+++ Data supplied

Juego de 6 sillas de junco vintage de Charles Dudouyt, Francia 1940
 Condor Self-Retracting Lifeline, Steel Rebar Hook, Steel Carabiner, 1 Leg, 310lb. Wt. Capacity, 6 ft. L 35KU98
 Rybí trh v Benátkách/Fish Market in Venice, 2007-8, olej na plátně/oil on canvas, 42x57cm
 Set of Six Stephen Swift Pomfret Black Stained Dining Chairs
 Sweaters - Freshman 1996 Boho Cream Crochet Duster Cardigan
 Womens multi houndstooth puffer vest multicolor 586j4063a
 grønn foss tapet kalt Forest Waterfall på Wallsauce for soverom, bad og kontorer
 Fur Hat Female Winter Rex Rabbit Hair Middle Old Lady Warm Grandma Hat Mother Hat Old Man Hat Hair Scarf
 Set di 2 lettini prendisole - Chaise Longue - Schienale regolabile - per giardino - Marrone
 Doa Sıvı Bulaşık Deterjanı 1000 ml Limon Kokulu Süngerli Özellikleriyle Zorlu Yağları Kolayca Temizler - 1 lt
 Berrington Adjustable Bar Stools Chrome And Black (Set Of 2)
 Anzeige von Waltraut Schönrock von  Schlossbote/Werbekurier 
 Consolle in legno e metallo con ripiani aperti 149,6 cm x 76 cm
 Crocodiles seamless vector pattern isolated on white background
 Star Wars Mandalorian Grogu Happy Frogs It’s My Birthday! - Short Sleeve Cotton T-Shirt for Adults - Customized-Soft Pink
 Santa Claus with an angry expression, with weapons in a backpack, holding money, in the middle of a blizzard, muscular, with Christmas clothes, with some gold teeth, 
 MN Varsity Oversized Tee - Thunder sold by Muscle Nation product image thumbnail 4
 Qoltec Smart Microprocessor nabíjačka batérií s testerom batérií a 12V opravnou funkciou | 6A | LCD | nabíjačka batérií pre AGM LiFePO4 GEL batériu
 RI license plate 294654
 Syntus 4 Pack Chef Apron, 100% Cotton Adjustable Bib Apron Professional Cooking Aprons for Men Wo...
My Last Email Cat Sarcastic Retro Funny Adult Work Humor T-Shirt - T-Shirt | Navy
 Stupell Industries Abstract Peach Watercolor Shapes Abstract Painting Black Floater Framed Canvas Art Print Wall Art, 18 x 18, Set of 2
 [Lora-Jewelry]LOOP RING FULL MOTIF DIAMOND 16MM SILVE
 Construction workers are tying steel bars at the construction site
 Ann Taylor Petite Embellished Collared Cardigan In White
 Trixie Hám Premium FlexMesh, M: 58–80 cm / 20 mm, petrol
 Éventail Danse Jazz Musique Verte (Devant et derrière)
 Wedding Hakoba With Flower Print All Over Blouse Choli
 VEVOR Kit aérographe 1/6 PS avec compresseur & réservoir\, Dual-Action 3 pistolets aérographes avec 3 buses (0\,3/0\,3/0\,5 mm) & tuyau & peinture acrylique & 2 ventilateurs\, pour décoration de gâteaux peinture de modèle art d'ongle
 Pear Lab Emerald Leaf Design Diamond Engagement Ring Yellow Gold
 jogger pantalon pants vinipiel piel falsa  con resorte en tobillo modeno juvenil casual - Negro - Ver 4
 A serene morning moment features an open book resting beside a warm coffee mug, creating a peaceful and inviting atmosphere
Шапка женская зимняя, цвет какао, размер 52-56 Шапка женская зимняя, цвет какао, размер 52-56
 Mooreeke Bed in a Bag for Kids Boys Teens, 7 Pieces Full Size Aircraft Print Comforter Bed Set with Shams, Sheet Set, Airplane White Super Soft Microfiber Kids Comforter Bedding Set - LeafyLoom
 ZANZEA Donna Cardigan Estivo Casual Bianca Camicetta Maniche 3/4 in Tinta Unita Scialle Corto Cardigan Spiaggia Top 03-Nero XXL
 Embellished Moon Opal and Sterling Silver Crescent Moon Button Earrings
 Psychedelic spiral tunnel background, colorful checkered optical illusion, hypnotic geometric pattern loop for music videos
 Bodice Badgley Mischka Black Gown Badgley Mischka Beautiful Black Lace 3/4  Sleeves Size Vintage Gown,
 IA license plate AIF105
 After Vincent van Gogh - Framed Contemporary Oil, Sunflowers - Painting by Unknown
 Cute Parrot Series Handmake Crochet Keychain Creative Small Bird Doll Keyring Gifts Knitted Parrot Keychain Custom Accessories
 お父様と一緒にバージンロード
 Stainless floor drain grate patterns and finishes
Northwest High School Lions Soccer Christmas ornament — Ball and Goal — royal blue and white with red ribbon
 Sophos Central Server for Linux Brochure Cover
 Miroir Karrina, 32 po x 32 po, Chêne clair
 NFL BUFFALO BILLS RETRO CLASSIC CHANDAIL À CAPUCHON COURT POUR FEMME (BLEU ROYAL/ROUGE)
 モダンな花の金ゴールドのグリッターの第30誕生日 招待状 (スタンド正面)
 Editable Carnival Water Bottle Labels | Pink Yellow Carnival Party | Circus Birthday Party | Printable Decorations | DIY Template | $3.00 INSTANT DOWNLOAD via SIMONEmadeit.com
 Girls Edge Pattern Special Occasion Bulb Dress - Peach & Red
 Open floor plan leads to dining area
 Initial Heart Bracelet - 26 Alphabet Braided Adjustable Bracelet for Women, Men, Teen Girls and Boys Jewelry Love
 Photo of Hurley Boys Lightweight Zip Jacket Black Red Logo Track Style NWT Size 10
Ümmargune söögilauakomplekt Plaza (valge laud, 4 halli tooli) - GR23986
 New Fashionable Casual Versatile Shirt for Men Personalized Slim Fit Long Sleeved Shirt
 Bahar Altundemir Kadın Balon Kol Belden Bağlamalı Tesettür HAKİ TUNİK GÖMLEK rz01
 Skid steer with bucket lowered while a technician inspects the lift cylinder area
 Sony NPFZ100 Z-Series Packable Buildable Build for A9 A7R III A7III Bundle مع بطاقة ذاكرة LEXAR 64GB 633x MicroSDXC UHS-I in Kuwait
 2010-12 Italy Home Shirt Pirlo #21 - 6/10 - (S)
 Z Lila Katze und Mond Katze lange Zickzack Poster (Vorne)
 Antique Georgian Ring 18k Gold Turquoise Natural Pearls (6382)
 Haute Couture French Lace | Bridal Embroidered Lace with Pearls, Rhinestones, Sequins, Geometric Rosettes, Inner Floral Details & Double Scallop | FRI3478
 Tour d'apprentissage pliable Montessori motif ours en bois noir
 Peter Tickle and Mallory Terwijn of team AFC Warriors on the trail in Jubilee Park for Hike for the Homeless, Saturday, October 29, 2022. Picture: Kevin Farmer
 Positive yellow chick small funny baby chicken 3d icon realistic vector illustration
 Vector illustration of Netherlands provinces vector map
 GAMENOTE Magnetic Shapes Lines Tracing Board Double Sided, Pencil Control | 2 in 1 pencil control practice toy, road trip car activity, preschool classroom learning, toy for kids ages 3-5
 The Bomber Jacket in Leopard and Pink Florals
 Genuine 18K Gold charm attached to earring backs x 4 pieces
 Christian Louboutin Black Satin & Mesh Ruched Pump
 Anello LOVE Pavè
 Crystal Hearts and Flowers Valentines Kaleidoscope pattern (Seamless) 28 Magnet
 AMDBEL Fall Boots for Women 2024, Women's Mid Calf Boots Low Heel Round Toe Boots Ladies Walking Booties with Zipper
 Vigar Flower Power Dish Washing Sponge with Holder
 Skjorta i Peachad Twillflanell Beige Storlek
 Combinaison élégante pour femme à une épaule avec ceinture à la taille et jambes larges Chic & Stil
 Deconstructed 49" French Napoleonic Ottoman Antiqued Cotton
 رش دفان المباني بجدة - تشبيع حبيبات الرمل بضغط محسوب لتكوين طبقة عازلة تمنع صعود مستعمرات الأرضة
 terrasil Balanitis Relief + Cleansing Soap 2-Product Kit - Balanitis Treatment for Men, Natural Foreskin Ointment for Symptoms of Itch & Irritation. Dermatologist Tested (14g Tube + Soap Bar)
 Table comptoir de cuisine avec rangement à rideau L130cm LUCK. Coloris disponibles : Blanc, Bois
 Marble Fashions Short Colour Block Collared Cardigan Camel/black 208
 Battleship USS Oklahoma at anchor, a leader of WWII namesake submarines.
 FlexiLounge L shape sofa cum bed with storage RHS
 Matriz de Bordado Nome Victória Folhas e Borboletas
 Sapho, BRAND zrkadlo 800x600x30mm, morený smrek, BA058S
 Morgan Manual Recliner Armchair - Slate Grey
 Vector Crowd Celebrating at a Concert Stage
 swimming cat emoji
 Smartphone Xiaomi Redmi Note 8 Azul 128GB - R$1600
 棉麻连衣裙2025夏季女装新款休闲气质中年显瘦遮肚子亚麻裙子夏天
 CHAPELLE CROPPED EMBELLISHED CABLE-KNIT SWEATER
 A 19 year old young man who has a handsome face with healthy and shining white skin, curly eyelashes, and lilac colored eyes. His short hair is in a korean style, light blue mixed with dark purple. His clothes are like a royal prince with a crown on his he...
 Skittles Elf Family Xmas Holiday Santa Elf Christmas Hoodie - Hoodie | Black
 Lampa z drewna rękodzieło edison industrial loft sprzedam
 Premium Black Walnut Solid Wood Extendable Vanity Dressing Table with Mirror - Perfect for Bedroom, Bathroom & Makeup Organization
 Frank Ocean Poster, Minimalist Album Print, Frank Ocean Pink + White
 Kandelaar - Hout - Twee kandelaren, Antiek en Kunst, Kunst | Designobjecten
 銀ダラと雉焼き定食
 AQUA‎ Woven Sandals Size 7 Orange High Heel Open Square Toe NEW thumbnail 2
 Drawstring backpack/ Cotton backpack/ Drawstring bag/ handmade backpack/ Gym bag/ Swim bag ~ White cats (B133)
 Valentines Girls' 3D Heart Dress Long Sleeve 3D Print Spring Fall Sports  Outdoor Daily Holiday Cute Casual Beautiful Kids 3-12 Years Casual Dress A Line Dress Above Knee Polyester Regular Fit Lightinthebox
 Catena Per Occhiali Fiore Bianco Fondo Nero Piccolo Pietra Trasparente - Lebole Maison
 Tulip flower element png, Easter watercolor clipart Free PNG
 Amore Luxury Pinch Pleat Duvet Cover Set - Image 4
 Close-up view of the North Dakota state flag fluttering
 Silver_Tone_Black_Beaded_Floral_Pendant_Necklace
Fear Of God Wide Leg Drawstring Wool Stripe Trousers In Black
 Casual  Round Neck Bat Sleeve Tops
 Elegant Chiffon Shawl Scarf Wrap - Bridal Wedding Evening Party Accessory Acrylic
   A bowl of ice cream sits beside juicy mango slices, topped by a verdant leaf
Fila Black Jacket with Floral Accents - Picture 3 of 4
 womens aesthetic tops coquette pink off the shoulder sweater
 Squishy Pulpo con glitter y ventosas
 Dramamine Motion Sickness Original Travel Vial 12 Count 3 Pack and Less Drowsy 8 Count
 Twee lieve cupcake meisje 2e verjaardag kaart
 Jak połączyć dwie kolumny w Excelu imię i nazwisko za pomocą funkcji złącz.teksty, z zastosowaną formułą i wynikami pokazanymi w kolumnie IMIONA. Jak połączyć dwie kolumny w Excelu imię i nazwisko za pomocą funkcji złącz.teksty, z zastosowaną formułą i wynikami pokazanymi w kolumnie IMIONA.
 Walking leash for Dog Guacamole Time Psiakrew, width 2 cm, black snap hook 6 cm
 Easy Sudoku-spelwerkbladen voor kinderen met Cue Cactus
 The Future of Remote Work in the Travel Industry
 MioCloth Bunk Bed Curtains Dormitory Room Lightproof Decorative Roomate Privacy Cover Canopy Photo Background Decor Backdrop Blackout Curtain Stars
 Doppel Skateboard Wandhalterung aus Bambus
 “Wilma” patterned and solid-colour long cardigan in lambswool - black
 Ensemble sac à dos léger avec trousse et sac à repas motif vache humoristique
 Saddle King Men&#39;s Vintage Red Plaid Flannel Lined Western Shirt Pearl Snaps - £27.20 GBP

++++++

> **What this task involves**: The required output is each line of the entries that contains the word "thumbnail".

> **Result of this task**:
 MN Varsity Oversized Tee - Thunder sold by Muscle Nation product image thumbnail 4
 AQUA‎ Woven Sandals Size 7 Orange High Heel Open Square Toe NEW thumbnail 2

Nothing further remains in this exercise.